The final bit of scaffolding we'll set up is an abstraction for database connections. A connection will have at most associated one transaction. Users must ask the database for a new connection. Then within the connection they can manage a transaction.

type Connection struct {
        tx *Transaction
        db *Database
}

func (c *Connection) execCommand(command string, args []string) (string, error) {
        debug(command, args)

        // TODO
        return "", fmt.Errorf("unimplemented")
}

func (c *Connection) mustExecCommand(cmd string, args []string) string {
        res, err := c.execCommand(cmd, args)
        assertEq(err, nil, "unexpected error")
        return res
}

func (d *Database) newConnection() *Connection {
        return &Connection{
                db: d,
                tx: nil,
        }
}

func main() {
        panic("unimplemented")
}

And that's it for scaffolding.

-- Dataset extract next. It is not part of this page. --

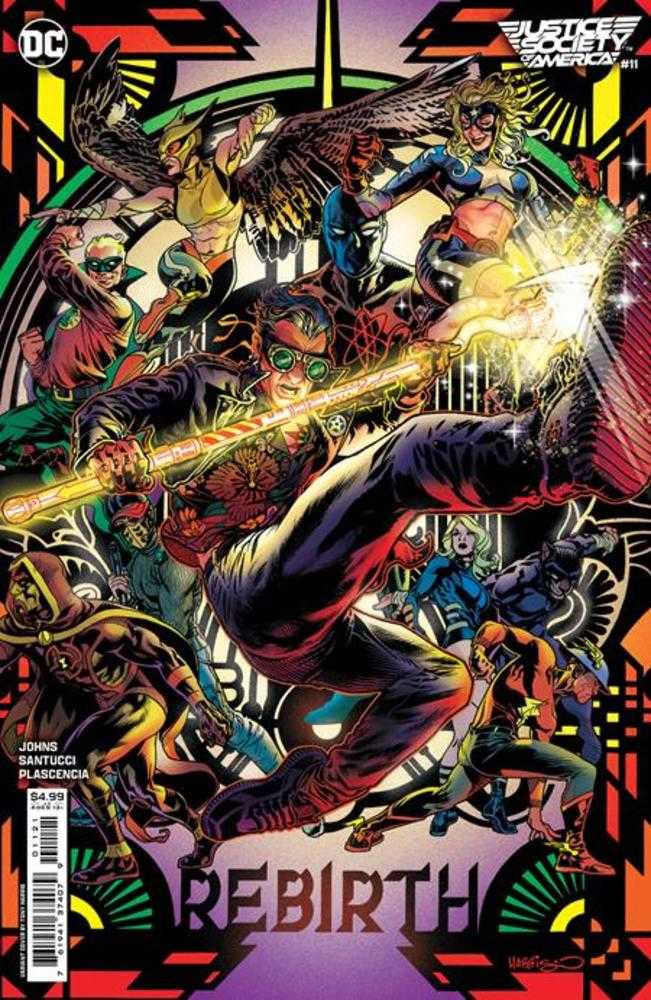 Justice Society Of America #11 (Of 12) Cover B Tony Harris Variant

Now set up the go module and make sure this builds.

$ go mod init gomvcc
go: creating new go.mod: module gomvcc
go: to add module requirements and sums:
        go mod tidy
$ go mod tidy
go: finding module for package github.com/tidwall/btree
go: found github.com/tidwall/btree in github.com/tidwall/btree v1.7.0
$ go build
$ ./gomvcc
panic: unimplemented

goroutine 1 [running]:
main.main()
        /Users/phil/tmp/main.go:166 +0x2c

Great!

Transaction management

When the user asks to begin a transaction, we ask the database for a new transaction and assign it to the current connection.

 func (c *Connection) execCommand(command string, args []string) (string, error) {
         debug(command, args)

+       if command == "begin" {
+               assertEq(c.tx, nil, "no running transactions")
+               c.tx = c.db.newTransaction()
+               c.db.assertValidTransaction(c.tx)
+               return fmt.Sprintf("%d", c.tx.id), nil
+       }
+
         // TODO
         return "", fmt.Errorf("unimplemented")
 }

To abort a transaction, we call the completeTransaction method (which makes sure the database transaction history gets updated) with the AbortedTransaction state.

                return fmt.Sprintf("%d", c.tx.id), nil
        }

+       if command == "abort" {
+               c.db.assertValidTransaction(c.tx)
+               err := c.db.completeTransaction(c.tx, AbortedTransaction)
+               c.tx = nil
+               return "", err
+       }
+
         // TODO
         return "", fmt.Errorf("unimplemented")
 }

And to commit a transaction is similar.

                return "", err
        }

+       if command == "commit" {
+               c.db.assertValidTransaction(c.tx)
+               err := c.db.completeTransaction(c.tx, CommittedTransaction)
+               c.tx = nil
+               return "", err
+       }
+
         // TODO
         return "", fmt.Errorf("unimplemented")
 }

The neat thing about MVCC is that beginning, committing, and aborting a transaction is metadata work. Committing a transaction will get a bit more complex when we add support for Snapshot Isolation and Serializable Isolation, but we'll get to that later. Even then, it will not involve modifying any values we get, set, or delete.

Get, set, delete

Here is where things get fun. As mentioned earlier, the key-value store is actually map[string][]Value. With the more recent versions of a value at the end of the list of values for the key.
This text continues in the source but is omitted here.